(Scraped caption text data)
--- START ---
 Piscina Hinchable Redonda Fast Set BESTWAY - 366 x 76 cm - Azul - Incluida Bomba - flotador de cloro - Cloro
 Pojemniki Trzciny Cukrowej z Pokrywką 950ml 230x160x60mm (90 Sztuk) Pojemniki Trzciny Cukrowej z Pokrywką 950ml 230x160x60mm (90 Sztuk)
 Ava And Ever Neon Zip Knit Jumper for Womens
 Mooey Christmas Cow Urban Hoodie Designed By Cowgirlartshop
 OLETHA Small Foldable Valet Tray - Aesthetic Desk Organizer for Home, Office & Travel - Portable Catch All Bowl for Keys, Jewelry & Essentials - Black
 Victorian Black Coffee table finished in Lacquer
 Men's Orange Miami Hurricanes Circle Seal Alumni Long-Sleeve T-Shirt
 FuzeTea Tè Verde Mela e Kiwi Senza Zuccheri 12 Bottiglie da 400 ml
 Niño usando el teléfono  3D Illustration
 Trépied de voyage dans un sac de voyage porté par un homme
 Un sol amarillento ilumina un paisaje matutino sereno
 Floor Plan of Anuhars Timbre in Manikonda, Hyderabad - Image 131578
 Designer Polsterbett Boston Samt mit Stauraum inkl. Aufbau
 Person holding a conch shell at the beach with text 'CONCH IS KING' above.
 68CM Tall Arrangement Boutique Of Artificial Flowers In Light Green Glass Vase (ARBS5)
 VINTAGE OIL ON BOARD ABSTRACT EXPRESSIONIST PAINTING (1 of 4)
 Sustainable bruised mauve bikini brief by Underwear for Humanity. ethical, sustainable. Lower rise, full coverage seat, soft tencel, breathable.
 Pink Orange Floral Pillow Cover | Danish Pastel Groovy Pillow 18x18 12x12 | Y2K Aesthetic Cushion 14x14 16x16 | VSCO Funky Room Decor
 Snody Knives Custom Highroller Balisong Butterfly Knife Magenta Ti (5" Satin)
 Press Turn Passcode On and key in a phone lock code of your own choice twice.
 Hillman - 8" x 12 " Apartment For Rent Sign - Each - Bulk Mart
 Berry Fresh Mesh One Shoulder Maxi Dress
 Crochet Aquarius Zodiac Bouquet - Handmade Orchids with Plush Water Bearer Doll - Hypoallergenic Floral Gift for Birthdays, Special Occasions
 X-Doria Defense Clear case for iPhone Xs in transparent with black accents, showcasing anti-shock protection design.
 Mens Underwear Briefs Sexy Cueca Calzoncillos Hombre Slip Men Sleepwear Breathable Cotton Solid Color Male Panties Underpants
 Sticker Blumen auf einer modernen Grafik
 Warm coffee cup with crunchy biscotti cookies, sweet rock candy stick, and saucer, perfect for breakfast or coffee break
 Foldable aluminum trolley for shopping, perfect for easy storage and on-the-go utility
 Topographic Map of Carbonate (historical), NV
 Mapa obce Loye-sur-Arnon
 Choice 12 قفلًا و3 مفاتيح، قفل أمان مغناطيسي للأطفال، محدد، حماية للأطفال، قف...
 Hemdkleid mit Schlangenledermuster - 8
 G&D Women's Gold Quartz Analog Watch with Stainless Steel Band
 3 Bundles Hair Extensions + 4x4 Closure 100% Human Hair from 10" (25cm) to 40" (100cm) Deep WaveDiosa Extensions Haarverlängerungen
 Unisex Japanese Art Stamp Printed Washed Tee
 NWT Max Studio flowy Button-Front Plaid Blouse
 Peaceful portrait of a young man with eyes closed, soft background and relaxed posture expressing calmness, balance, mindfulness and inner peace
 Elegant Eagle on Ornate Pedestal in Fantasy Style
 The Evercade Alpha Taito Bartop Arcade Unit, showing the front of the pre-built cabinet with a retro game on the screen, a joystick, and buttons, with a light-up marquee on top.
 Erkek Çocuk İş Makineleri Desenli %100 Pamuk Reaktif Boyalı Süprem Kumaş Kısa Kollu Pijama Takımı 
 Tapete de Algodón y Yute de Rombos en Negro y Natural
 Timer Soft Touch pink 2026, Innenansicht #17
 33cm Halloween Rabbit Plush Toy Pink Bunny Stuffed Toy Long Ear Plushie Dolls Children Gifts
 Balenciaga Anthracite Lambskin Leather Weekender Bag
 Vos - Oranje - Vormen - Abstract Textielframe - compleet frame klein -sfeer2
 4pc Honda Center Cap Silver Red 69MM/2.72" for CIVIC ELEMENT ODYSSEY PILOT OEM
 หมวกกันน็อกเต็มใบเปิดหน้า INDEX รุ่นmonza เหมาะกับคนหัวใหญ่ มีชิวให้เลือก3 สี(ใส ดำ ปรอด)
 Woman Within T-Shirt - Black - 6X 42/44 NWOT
--- END ---
● **What the exercise asks**
From the records above, transcribe without alteration every line from the one with "Foldable aluminum trolley" to the one with "3 Bundles Hair", inclusive.

● **Output for this exercise**
 Foldable aluminum trolley for shopping, perfect for easy storage and on-the-go utility
 Topographic Map of Carbonate (historical), NV
 Mapa obce Loye-sur-Arnon
 Choice 12 قفلًا و3 مفاتيح، قفل أمان مغناطيسي للأطفال، محدد، حماية للأطفال، قف...
 Hemdkleid mit Schlangenledermuster - 8
 G&D Women's Gold Quartz Analog Watch with Stainless Steel Band
 3 Bundles Hair Extensions + 4x4 Closure 100% Human Hair from 10" (25cm) to 40" (100cm) Deep WaveDiosa Extensions Haarverlängerungen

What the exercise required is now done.